* EXERCISE DETAILS
What's wanted here is the full listing below, repeated exactly, with no images in it.

* THE DATA

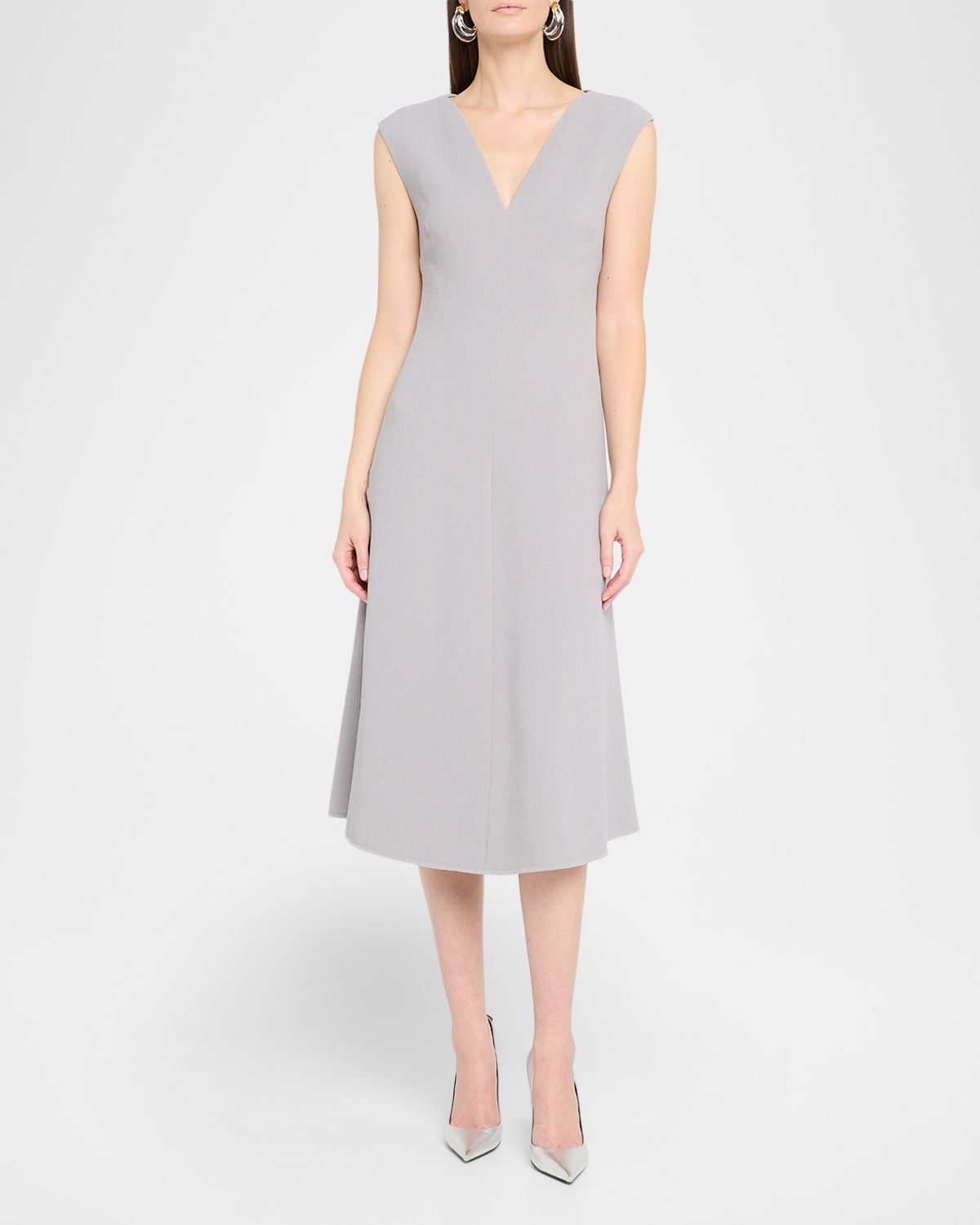 Emporio Armani Sleeveless Textured V-Neck Midi Dress | Thumbnail 5 Emporio Armani Sleeveless Textured V-Neck Midi Dress | Thumbnail 5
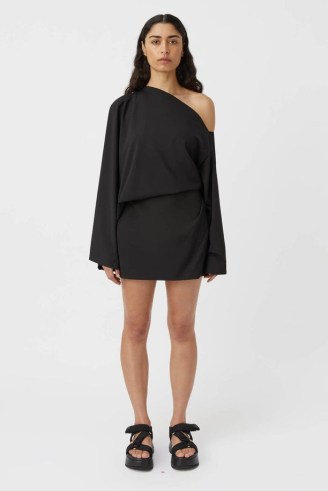 CAMILLA AND MARC Elliot Off-the-shoulder Mini Dress in Black ~ asymmetric LBD ~ short length one shoulder dresses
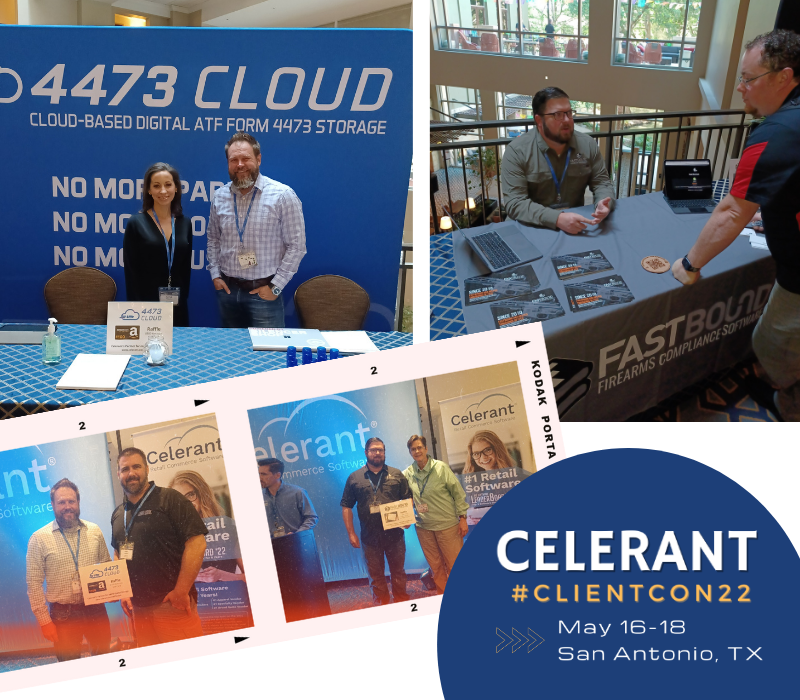 CelerantTech's tweet photo. We thank our partners @fastbound and #4473Cloud (@SilencerShop) for sponsoring our client conference and FastBound for presenting a session on streamlining ATF compliance๐ค. Thanks Jamison Collins, Kayla Cordell & Travis Glover for helping make this a great event. ๐๐ฝ#ClientCon22 https://t.co/Ktz0LwHd3f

* ANSWER TO THIS TASK
 Emporio Armani Sleeveless Textured V-Neck Midi Dress | Thumbnail 5 Emporio Armani Sleeveless Textured V-Neck Midi Dress | Thumbnail 5
 CAMILLA AND MARC Elliot Off-the-shoulder Mini Dress in Black ~ asymmetric LBD ~ short length one shoulder dresses
 CelerantTech's tweet photo. We thank our partners @fastbound and #4473Cloud (@SilencerShop) for sponsoring our client conference and FastBound for presenting a session on streamlining ATF compliance๐ค. Thanks Jamison Collins, Kayla Cordell & Travis Glover for helping make this a great event. ๐๐ฝ#ClientCon22 https://t.co/Ktz0LwHd3f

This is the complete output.